Por otra parte, Sanders casi nunca tiene algo positivo que decir sobre los emprendedores y las empresas exitosas, sean grandes o pequeñas. Es verdad, quiere justificar impuestos más altos para financiar sus políticas sociales, pero necesita de hecho que las empresas sean productivas y rentables para que paguen más impuestos. ¿Su socialismo, entonces, tiene que ver con la cooperación para empoderar al pueblo mientras impulsa a la economía, o con empoderar al Estado para ejercer un control más coercitivo sobre las empresas?
Esta pregunta debe ser respondida por razones tácticas, porque la carta de Venezuela también puede jugarse en contra de Trump. Después de todo, el chavismo ha politizado el uso de la policía y el Poder Judicial, ha pisoteado a la prensa libre, ha tratado a los opositores políticos como traidores y enemigos mortales y se ha entrometido con la imparcialidad de las elecciones. ¿Suena familiar? Ahora bien, el opositor de Trump en noviembre no puede pasar de la defensa al ataque con la carta venezolana hasta que la “cuestión del socialismo” no se aborde como corresponde.

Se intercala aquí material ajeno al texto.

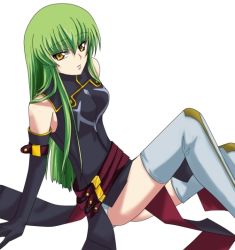 Rule 34 | 00s, boots, c.c., code geass, elbow gloves, gloves, solo, thigh boots, thighhighs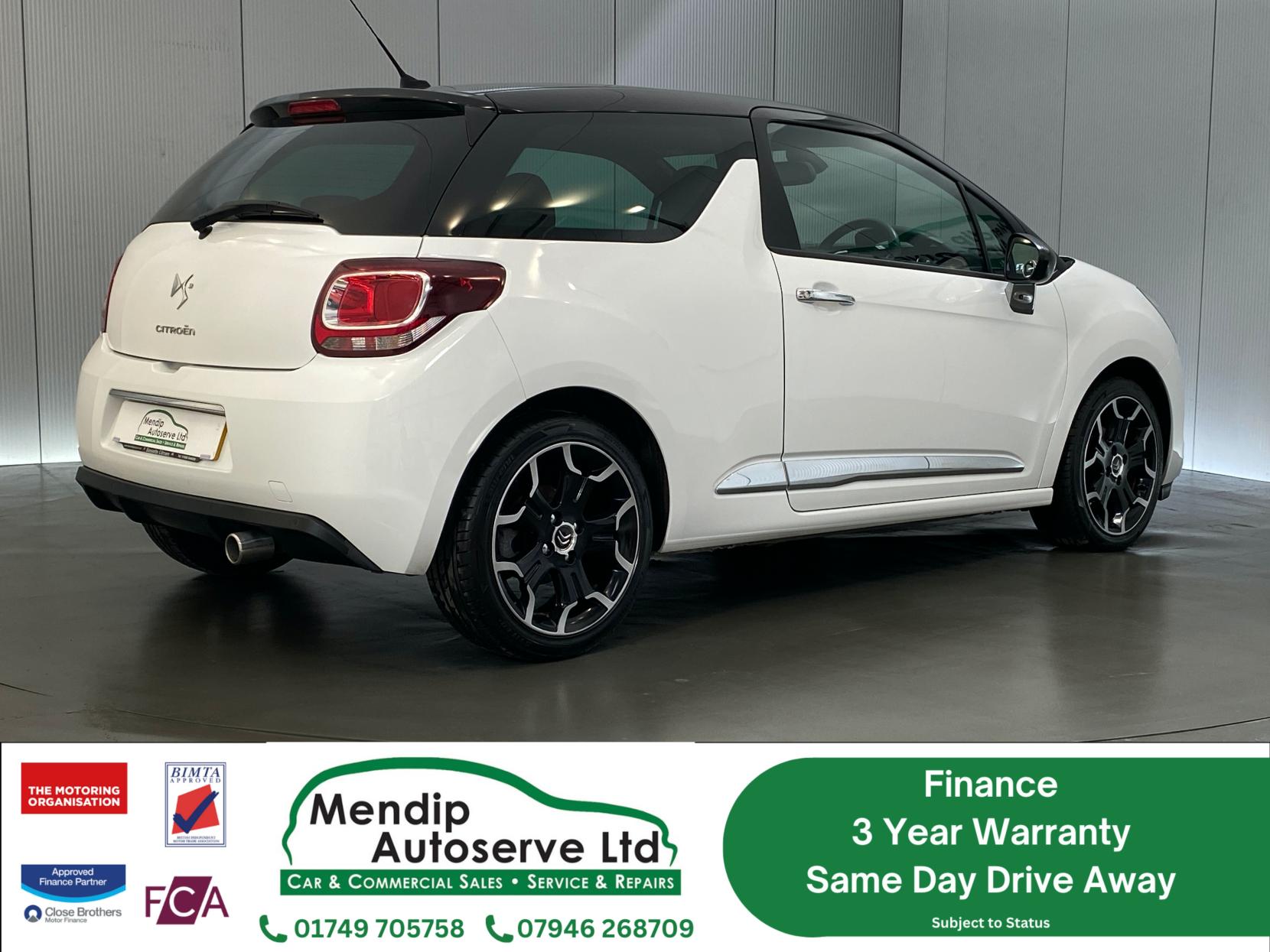 Citroen DS3 1.6 e-HDi DStyle Plus Hatchback 3dr Diesel Manual Euro 5 (s/s) (90 ps)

Los votantes en las primarias demócratas hoy tienen derecho de saber si Sanders entiende lo que diferencia a Escandinavia de Venezuela. Además, deberían querer saber si su candidato luchará, junto con la coalición existente de 60 democracias de América Latina y del mundo desarrollado, para poner fin a la dictadura de Venezuela y restablecer los derechos humanos y la libertad.